■ **ABOUT THIS EXERCISE**: Line for line, return the data exactly, omitting all pictures.

■ **SUPPLIED MATERIAL**:
········

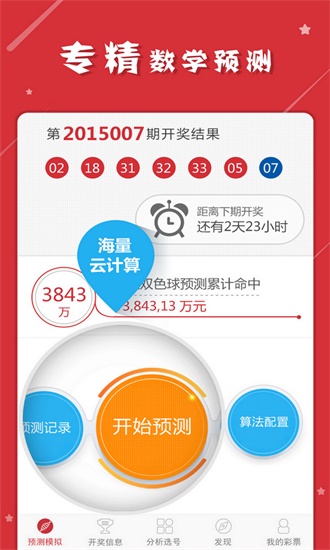 澳门内部正版免费资料软件的优势及简便释义解释落实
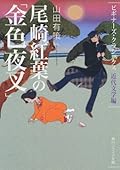Ozaki Koyo "gold Yasha" Beginner's Classics modern literature reviews (Kadokawa Bunko Sofia - Beginner's Classics modern literature reviews) (2010) ISBN: 4044072175 [Japanese Import]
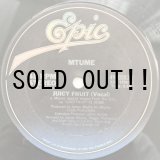 画像: MTUME / JUICY FRUIT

········

■ **THE ANSWER**:
 澳门内部正版免费资料软件的优势及简便释义解释落实
Ozaki Koyo "gold Yasha" Beginner's Classics modern literature reviews (Kadokawa Bunko Sofia - Beginner's Classics modern literature reviews) (2010) ISBN: 4044072175 [Japanese Import]
 画像: MTUME / JUICY FRUIT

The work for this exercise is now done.